Well, almost no one.
Last winter, after three years of effort, Li finally found a small publishing house, Xinxing (New Star Press) in Beijing, which was willing to publish his essay collections.
“This country must publish such a book,” one of Xinxing’s editors said. The other declared, “In our time, there must be someone who dares to take responsibility for this book.” Nevertheless, the publishing house took many precautions with Li’s work. Everything was kept secret during the proof-reading process; Li and his editor avoided using cell phones, and deleted the manuscript right after sending it to the printer, before it was even on the shelf. Finally, The Whole World Knows was out in January and Li went to Beijing for the book tour.
“Big eyes” Li, as his fans calls him, was surprised that, among his audience in Beijing, both the police and patriotic leftists were waiting for him. Last September Li wrote an article, “Confessions of a Traitor,” which criticized anti-Japanese nationalists and explained that a “boycott of Japanese goods” is just a form of self-deception for “brain damaged” patriots.
At the book signing in Beijing, Li was punched by two men and threatened with a gift-wrapped knife. These people were probably angry with him for criticizing his own fatherland while expressing tolerance of the Japanese, who recently displayed—again—their ambitions in the Senkaku-Island dispute.

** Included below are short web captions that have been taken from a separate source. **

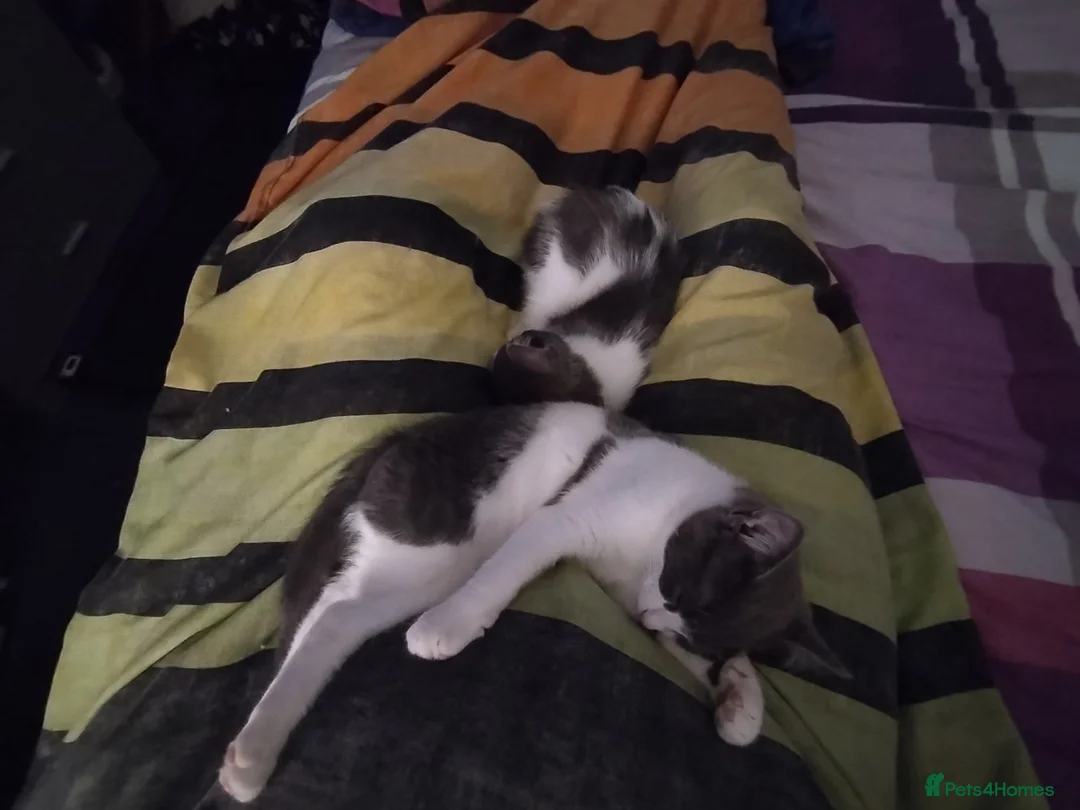 Mixed Breed cats for sale: Loveable cat in Crewe - Advert 2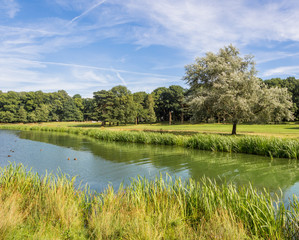 Beautiful late summer morning at Tatton Park, Knutsford, Cheshire, UK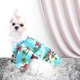 thumbnail image 2 of Camisa hawaiana Camiseta transpirable de verano para perros Ropa cómoda estilo de vacaciones en la playa Ropa para mascotas Cachorros de perros pequeños y medianos Gato (m) Rojo Verde Cocina, Decoración y Otros, 2 of 5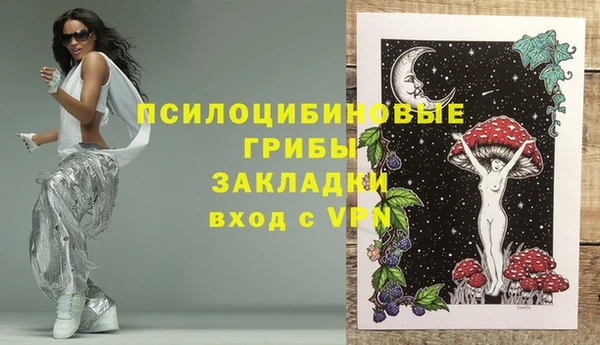 стафф Касимов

Two days later, on January 12, before a book signing in his hometown of Chengdu, the authorities told Li that he should keep his mouth shut—no greetings, no exchanging any words with the readers. Some of Li’s literary friends, such as the scholar Ran Yunfei, the poet Li Yawei, and the renown writer Liu Shahe, were there to support him, but he could only shake hands with them silently. Plainclothes police removed the microphones, cancelled the press conference, and forced the guests to leave the stage. Li even wore a black gag while signing the books. He then went to the middle of the stage and opened his jacket. Inside he was wearing a white T-shirt with four blue characters written on it. They read: I love you all.

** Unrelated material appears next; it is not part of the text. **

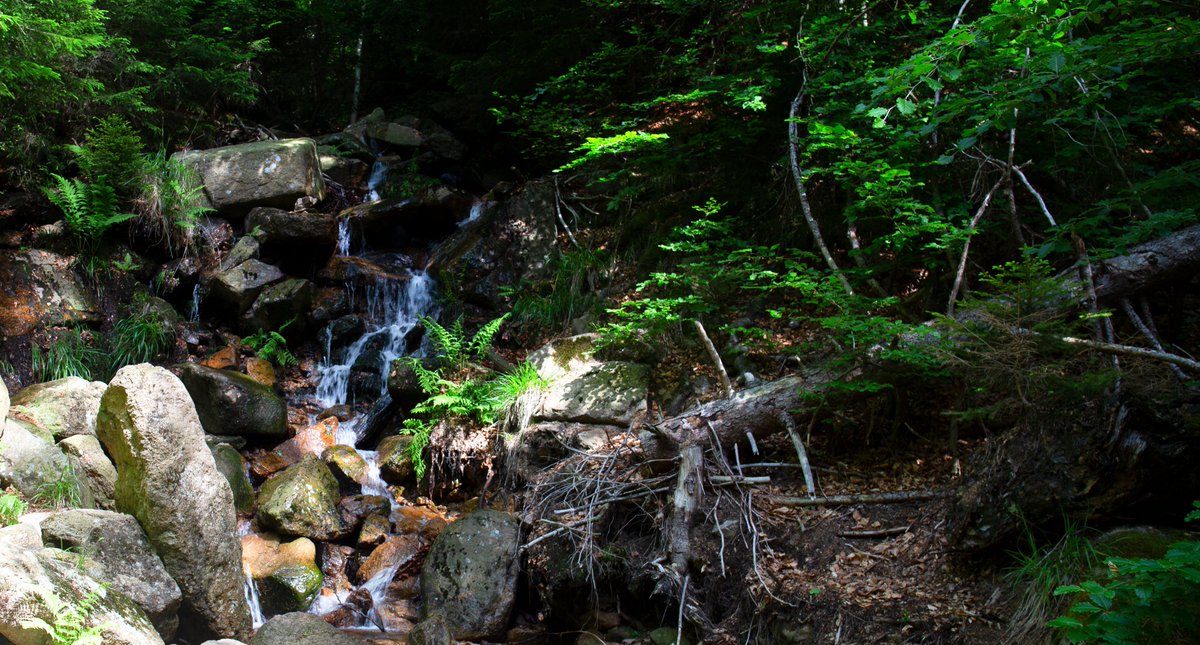 thdirks's tweet photo. Miniwasserfall #ilsetal https://t.co/DwZwsm5A4y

Thus a simple book signing turns into a dramatic and emotional confrontation. Once burnt, twice cautious, the authority is alert to all sorts of mass gatherings. In their logic, any event with a crowd means a potential riot. Therefore it needs to be nipped in the bud. Yet, due to the authorities’ “help,”The Whole World Knows was sold out—300,000 copies—within a week!

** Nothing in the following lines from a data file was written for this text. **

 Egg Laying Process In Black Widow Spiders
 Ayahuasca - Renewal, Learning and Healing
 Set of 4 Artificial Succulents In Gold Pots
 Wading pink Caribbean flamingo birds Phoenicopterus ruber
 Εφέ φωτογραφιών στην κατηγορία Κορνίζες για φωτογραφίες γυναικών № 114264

First allow the publishing, afterward prevent the book tour.
Such contradictory behavior is very normal in China. The best description of the publishing situation can be found in Li’s article “Only a Common Youngster.” In it he writes: “Only the publishing house under Party leadership is allowed to give out ISBN numbers; many harmful works can be published without the ISBN number though. Some bold or not ‘well-educated’ publishing houses dare to resist the pressure and publish certain books. Yet publishing is just the beginning, because afterwards censorship is still there. Despite the pressure, some books are published secretly, but will be banned right after they are on the market, like Ye Fu’s Urban Elegy years ago. Other books are printed, yet the information has been leaked, so they must be piled in storage, like Yu Jianrong’s Report on An’yuan…there are also books that are printed but directly destroyed, like Solo Mission 2…When a book is published, it is only the beginning; there are still tens of thousands of miles to go and no one can tell when and where it will be killed by certain forces.”
The situation is the same for bloggers. Your home page or Facebook account can be shut down overnight. Your article can be deleted in minutes. In this country, independent writers are fighters and survivors. Li said it well: “Writing is not a way to teach lessons; it is only a civilized way to find company, so that you are not alone.”